── Data supplied ──
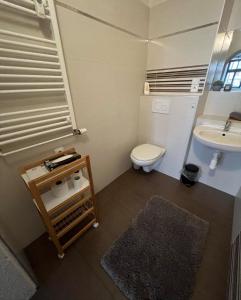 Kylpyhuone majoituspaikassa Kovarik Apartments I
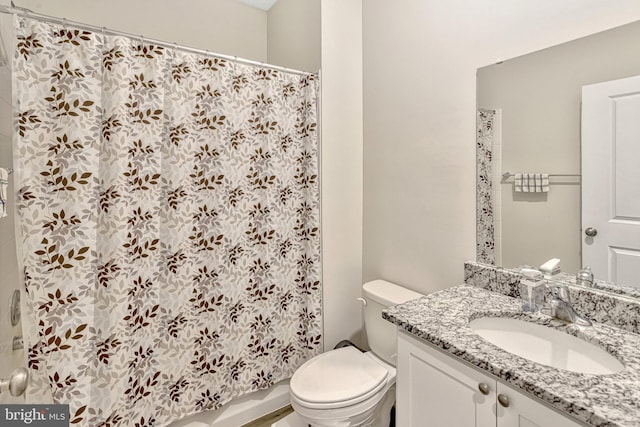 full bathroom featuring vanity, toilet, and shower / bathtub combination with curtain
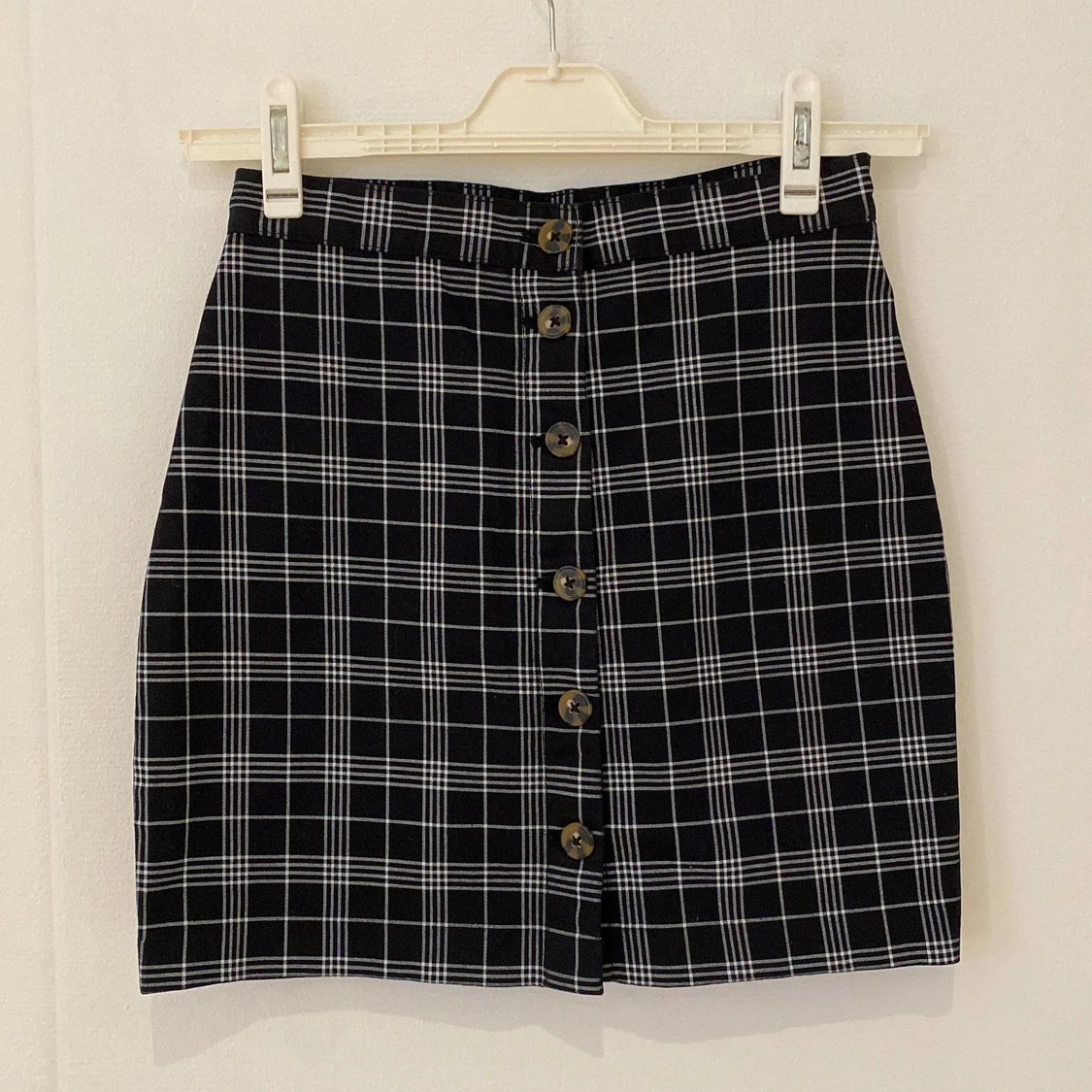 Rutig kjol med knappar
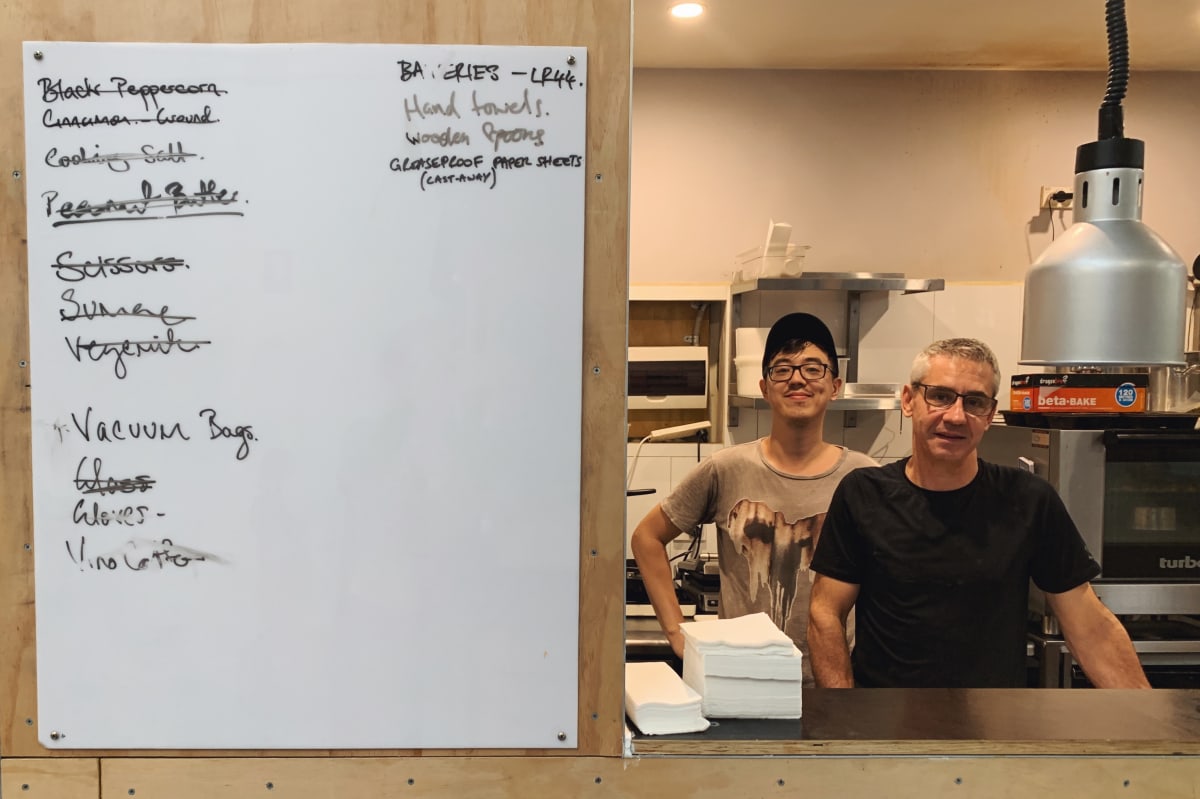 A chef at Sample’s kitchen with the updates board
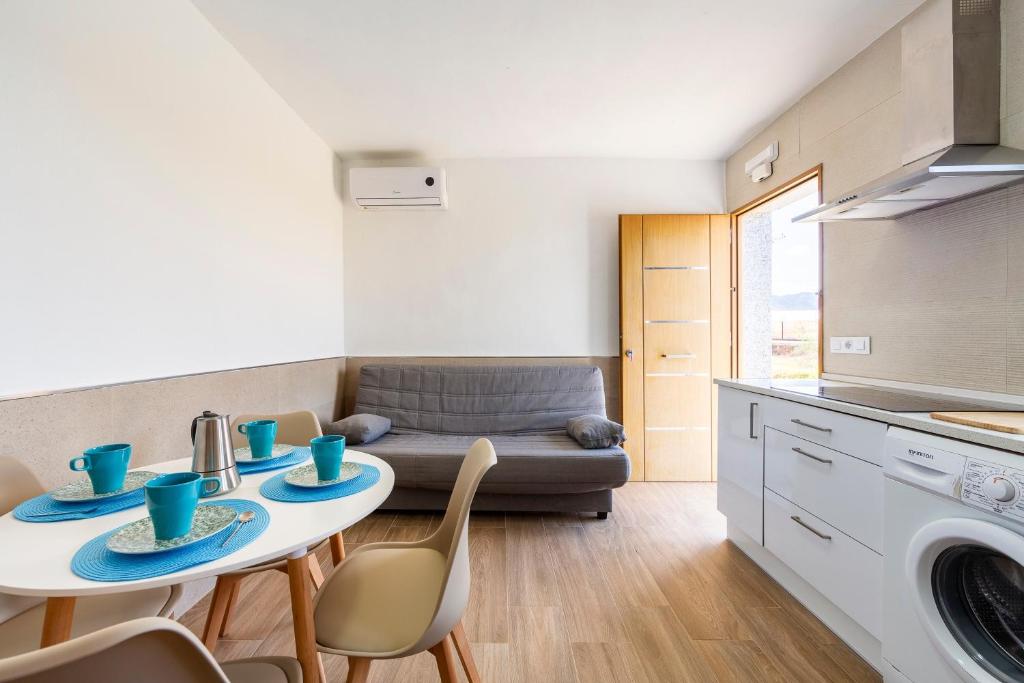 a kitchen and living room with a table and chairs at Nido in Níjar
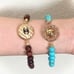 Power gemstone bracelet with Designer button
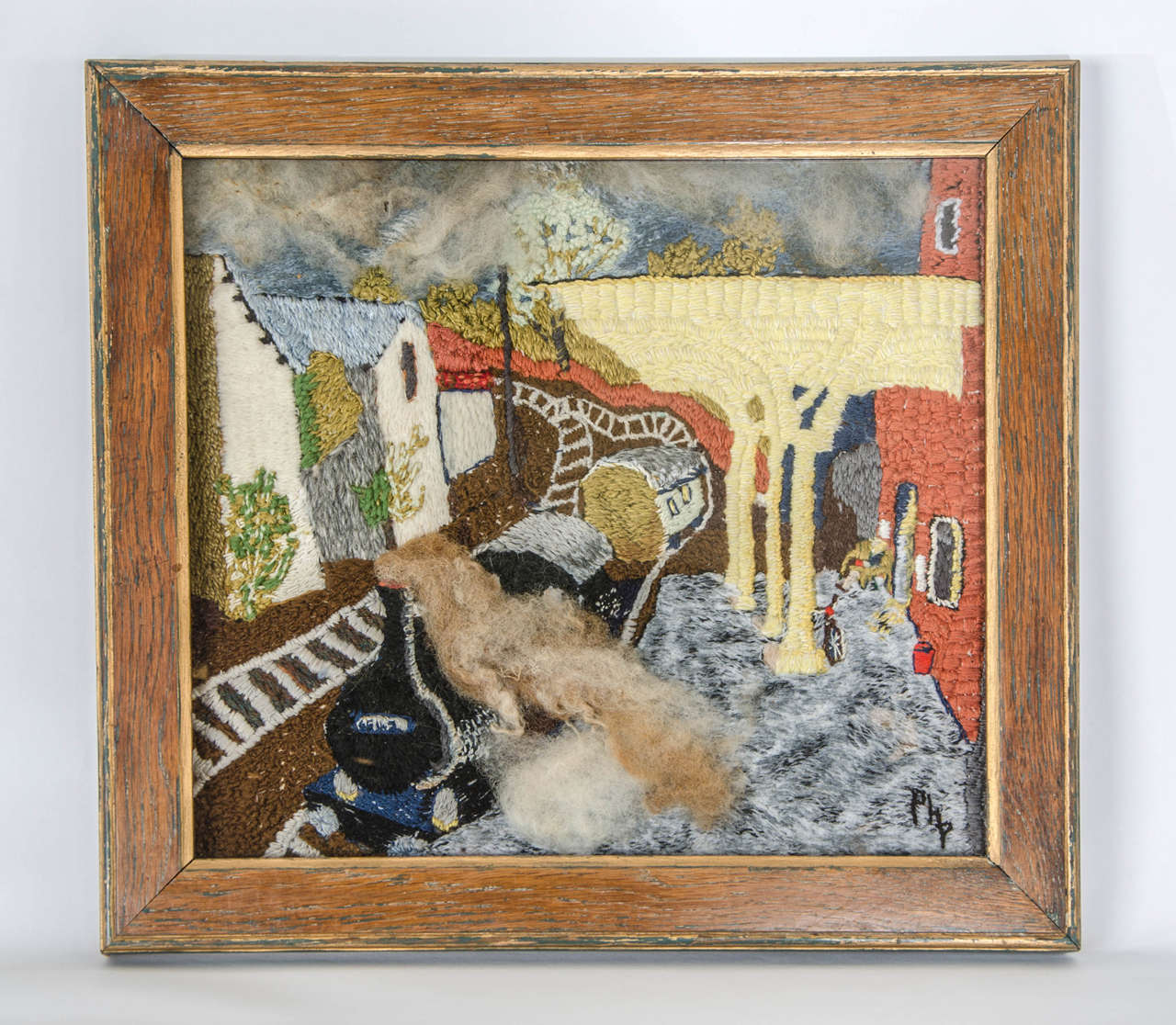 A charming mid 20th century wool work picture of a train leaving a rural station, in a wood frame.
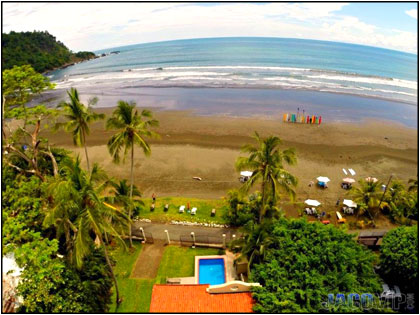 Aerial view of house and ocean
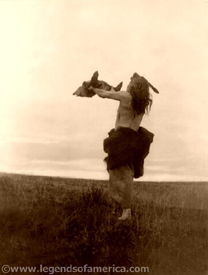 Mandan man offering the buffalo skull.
───
### Exercise instructions:
Provide an exact copy of the records, excluding every picture.

### Answer to the problem:
 Kylpyhuone majoituspaikassa Kovarik Apartments I
 full bathroom featuring vanity, toilet, and shower / bathtub combination with curtain
 Rutig kjol med knappar
 A chef at Sample’s kitchen with the updates board
 a kitchen and living room with a table and chairs at Nido in Níjar
 Power gemstone bracelet with Designer button
 A charming mid 20th century wool work picture of a train leaving a rural station, in a wood frame.
 Aerial view of house and ocean
 Mandan man offering the buffalo skull.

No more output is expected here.